● Data provided:
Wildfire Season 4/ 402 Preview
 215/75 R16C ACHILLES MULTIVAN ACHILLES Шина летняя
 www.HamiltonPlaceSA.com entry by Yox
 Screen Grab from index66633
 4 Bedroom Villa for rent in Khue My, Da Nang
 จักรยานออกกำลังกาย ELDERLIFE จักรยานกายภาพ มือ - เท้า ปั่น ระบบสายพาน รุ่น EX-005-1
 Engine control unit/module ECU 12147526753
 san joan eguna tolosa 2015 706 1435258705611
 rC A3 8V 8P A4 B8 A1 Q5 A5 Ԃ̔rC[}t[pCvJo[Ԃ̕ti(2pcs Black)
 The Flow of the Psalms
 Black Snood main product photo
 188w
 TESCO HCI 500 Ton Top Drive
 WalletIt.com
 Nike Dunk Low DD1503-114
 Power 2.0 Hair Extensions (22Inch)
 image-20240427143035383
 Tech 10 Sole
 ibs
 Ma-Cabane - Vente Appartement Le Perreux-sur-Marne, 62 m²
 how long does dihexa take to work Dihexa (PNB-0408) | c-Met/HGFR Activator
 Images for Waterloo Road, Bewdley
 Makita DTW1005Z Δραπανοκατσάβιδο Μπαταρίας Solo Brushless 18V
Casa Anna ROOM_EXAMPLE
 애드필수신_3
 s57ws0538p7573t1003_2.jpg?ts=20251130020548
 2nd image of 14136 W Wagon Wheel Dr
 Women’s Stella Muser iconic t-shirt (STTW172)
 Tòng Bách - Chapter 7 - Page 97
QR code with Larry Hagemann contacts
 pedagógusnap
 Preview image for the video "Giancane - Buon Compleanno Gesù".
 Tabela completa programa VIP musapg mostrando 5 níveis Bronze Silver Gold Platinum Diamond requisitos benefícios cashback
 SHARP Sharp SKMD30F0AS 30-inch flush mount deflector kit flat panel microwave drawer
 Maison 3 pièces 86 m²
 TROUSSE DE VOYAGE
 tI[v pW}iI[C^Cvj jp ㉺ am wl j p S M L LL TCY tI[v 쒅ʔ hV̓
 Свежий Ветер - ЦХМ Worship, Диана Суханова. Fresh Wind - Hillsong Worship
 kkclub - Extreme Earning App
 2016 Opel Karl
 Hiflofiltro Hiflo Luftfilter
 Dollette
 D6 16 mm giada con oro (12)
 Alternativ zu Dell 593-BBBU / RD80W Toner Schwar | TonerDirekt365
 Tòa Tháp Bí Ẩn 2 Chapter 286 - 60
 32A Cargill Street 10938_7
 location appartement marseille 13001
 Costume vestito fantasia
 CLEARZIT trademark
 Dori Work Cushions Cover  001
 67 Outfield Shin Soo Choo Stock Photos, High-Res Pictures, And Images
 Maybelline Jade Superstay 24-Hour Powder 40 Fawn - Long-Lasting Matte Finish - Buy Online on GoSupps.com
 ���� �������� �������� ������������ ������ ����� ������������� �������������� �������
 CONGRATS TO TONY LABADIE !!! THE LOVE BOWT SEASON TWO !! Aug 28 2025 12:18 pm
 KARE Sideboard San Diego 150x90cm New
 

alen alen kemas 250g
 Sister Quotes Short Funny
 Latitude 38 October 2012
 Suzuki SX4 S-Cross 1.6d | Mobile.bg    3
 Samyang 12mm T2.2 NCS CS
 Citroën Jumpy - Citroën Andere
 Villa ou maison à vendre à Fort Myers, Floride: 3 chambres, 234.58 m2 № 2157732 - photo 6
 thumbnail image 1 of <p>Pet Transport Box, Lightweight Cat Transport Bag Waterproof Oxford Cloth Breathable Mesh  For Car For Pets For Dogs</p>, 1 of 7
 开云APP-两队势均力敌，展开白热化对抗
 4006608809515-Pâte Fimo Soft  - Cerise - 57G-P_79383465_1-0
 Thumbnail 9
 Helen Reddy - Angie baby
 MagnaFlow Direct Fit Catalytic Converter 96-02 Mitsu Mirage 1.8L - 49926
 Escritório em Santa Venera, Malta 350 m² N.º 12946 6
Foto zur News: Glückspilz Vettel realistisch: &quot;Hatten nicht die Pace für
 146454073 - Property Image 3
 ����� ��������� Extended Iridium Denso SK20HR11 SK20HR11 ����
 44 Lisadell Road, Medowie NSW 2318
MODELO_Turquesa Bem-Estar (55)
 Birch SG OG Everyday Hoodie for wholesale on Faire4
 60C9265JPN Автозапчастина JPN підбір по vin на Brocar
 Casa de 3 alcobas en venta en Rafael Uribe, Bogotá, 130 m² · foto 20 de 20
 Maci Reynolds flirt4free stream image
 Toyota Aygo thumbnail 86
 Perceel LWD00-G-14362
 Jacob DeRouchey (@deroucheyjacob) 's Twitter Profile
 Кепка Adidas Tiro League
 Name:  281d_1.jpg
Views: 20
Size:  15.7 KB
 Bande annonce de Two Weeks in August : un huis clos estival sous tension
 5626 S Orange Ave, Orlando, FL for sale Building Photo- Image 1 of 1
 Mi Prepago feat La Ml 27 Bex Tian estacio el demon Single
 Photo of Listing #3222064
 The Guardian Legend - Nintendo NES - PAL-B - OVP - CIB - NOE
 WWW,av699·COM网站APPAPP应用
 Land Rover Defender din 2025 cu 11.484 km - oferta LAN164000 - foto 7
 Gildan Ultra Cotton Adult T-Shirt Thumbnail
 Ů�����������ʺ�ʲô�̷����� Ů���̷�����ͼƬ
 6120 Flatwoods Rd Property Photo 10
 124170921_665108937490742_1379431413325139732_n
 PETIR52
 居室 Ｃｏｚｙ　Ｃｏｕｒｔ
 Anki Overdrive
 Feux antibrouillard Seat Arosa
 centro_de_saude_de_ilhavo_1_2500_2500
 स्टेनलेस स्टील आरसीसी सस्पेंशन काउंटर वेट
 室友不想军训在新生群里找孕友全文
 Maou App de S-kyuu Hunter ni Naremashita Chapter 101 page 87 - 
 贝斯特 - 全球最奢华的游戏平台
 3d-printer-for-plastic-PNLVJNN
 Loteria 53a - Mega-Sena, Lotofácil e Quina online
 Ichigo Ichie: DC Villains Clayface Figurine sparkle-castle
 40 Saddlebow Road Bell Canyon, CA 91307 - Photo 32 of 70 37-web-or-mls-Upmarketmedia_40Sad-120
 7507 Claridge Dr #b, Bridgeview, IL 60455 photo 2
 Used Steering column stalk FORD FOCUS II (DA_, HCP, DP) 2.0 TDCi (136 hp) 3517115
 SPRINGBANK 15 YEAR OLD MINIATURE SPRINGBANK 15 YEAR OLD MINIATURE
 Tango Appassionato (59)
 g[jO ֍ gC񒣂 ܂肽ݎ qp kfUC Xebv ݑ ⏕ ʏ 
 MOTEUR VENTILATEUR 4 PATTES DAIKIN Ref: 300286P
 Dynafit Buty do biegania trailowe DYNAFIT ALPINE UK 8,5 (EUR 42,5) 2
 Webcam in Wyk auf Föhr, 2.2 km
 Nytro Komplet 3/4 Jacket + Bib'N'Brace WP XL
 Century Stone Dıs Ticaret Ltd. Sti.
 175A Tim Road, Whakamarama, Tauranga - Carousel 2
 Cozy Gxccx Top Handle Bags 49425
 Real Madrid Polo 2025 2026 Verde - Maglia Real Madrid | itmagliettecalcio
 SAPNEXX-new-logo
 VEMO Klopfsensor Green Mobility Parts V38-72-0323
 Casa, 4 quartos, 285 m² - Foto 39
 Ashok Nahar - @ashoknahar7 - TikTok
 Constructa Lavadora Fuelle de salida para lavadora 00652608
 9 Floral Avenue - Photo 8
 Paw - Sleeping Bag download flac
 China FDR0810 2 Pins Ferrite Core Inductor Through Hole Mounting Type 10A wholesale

● Task to complete:
Look through the material above and print exactly the lines from the one containing "how long does" to the one containing "Hiflofiltro Hiflo Luftfilter", both included, and nothing more.

● Answer for this exercise:
 how long does dihexa take to work Dihexa (PNB-0408) | c-Met/HGFR Activator
 Images for Waterloo Road, Bewdley
 Makita DTW1005Z Δραπανοκατσάβιδο Μπαταρίας Solo Brushless 18V
Casa Anna ROOM_EXAMPLE
 애드필수신_3
 s57ws0538p7573t1003_2.jpg?ts=20251130020548
 2nd image of 14136 W Wagon Wheel Dr
 Women’s Stella Muser iconic t-shirt (STTW172)
 Tòng Bách - Chapter 7 - Page 97
QR code with Larry Hagemann contacts
 pedagógusnap
 Preview image for the video "Giancane - Buon Compleanno Gesù".
 Tabela completa programa VIP musapg mostrando 5 níveis Bronze Silver Gold Platinum Diamond requisitos benefícios cashback
 SHARP Sharp SKMD30F0AS 30-inch flush mount deflector kit flat panel microwave drawer
 Maison 3 pièces 86 m²
 TROUSSE DE VOYAGE
 tI[v pW}iI[C^Cvj jp ㉺ am wl j p S M L LL TCY tI[v 쒅ʔ hV̓
 Свежий Ветер - ЦХМ Worship, Диана Суханова. Fresh Wind - Hillsong Worship
 kkclub - Extreme Earning App
 2016 Opel Karl
 Hiflofiltro Hiflo Luftfilter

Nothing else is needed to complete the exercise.